Separating truth and fiction while recognizing sincere versus self-serving advice from consultants are crucial management skills. So how do you learn to recognize the sycophant consultants, those who flatter to keep fees coming in their direction, from those who actually have you and your company’s best interests at heart?
In theory, a consultant is supposed to always have the client’s best interests at heart. Yet money is involved, so this fact alone can skew intentions and actions. A consultant has bills to pay and every client is actually another “boss.” It’s not easy to tell your boss that they are wrong—regardless of your role in the food chain. But this is what good consultants must sometimes do, even when there is a high probability of losing the client and fee if the advice does not seem like what a “team player” might propose.
Most executives that I have had the opportunity to counsel already have their own answers in their hearts and guts. If not, they wouldn’t have risen to their coveted leadership status and be running the show at their respective companies or departments. Others seek and openly want guidance. This said, I believe overall that what most executives want, and maybe need, is to be able to converse with someone they can trust: a sounding board, counselor and advisor who can be relied on to be thoughtful and probing. A consultant who positions herself as a devil’s advocate, who is removed from whatever the situation is that requires advice and counsel while providing perspective from a 30,000-foot level.

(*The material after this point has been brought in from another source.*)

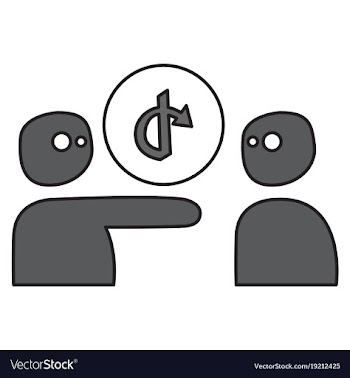 Share icon in flat design vector image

A good consultant helps clients think reasonably and works hard to eliminate emotion from their advice. This ability comes from taking the time to understand the client company, its positioning, needs, challenges and advantages—as well as how its business fits into the overall competitive landscape. Good consultants should be able to emotionally distance themselves from the immediate, close-up problems and/or concerns while also offering alternative perspectives and possibilities. A good consultant recognizes that the final responsibility for the ultimate decision is the executive’s. Yet by observation and distance, a good consultant can help identify the nature of large problems, various scenarios and counsel through their observations, analysis and proposed solutions.

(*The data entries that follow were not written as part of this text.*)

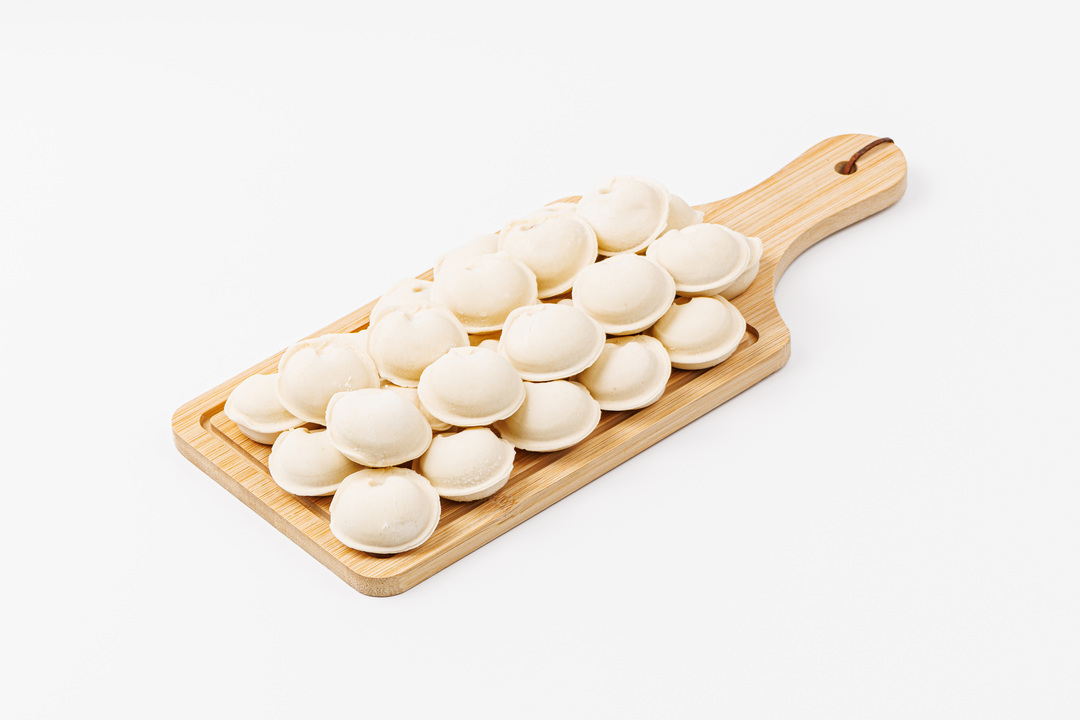 

Пельмени рыбные ВкусВилл с форелью, 500 г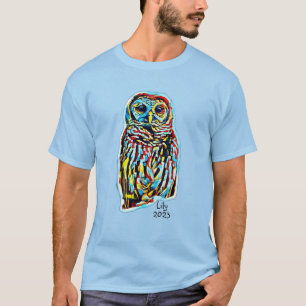 Lily the OwlWatch Owl - 23. Juni 2023 (Künstlerisc T-Shirt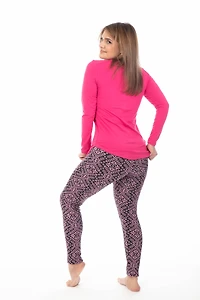 Illusion - Cozy Lined Leggings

It is not the job of a good consultant to always agree. I certainly know I’ve annoyed clients due to my lack of agreement at times—and that’s probably putting it mildly. Still, it remains the job of a good consultant to point out assumptions, objectively see facts and provide all-sides-of-the-equation scenarios whenever possible. This certainly might involve saying what needs to be said and raising issues that need to be assessed—even if and when it becomes uncomfortable, unpopular, seemingly unsupportive or confrontational to the general discussion.
Although it’s nice to be “yes-ed”—the best advice that any of us can ever receive forces us to think and question our decisions, hopefully before they are cemented. A good public relations consultant will often advise counter to the advice of those closest or most impacted by any given situation. A good PR consultant may also recommend seeking the advice of others. A good PR advisor does not have all the “answers” but they should have lots of questions. When strong advice is offered, it is not because the PR expert is trying to be difficult. Instead, it is often that they are best able to emotionally distance themselves, bring years of experience gained from similar situations from their past work history, offer a high degree of practical common sense, understand strategic visibility in the media and possess an understanding of human nature that enables them to serve as valued and trusted “consiglieres.”

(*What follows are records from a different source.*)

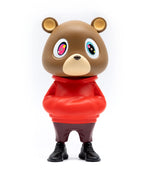 Kanye Bear - Red, Front View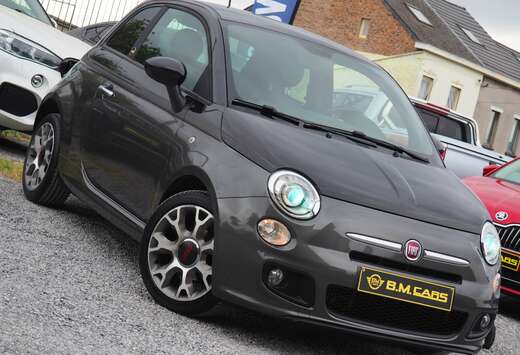 Fiat 0.9 T TwinAir SPORT GQCUIR-XENON-CLIM-PDC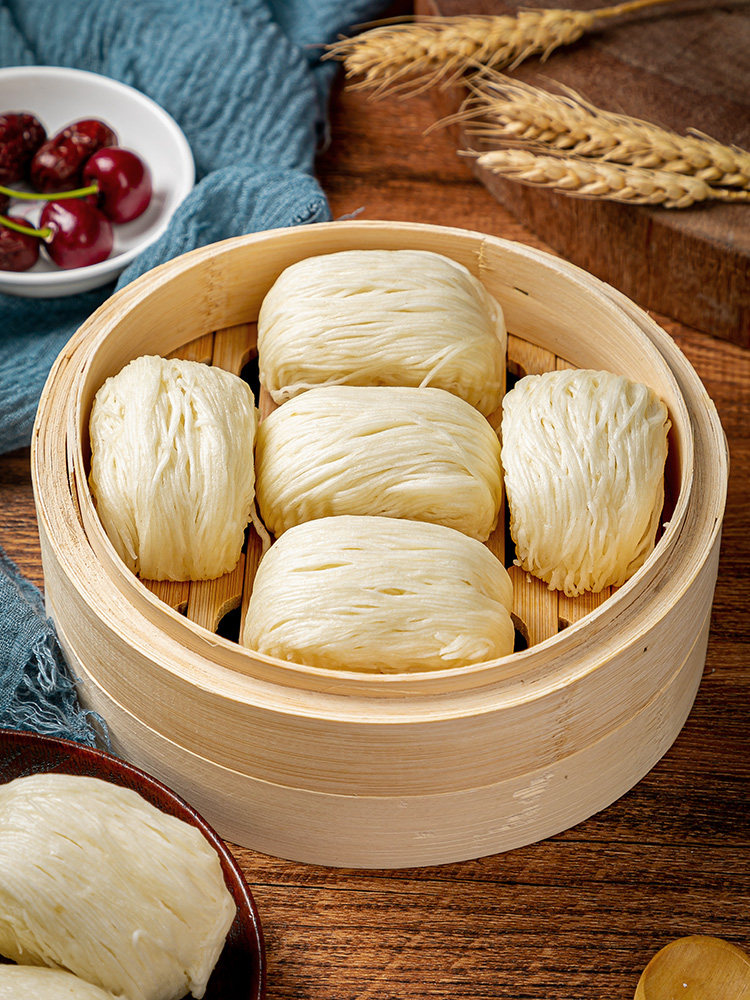 天浩银丝卷 摩登粑粑面点350g*10个 酒店速冻早餐食材云南特产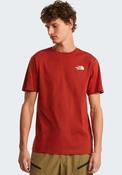 The North Face Men’s Vertical Logo T-Shirt, Iron Red image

Dian Griesel, Ph.D., is president of DGI. Dian and her trusted team of visibility strategists are retained as the marketing and public relations execution team for a variety of companies, brands and select individuals. Dian’s most recent book is ENGAGE: Smart Ideas to Get More Media Coverage, Build Your Influence & Grow Your Business. For more information about DGI’s consulting and professional services, contact Dian Griesel at 212.825.3210.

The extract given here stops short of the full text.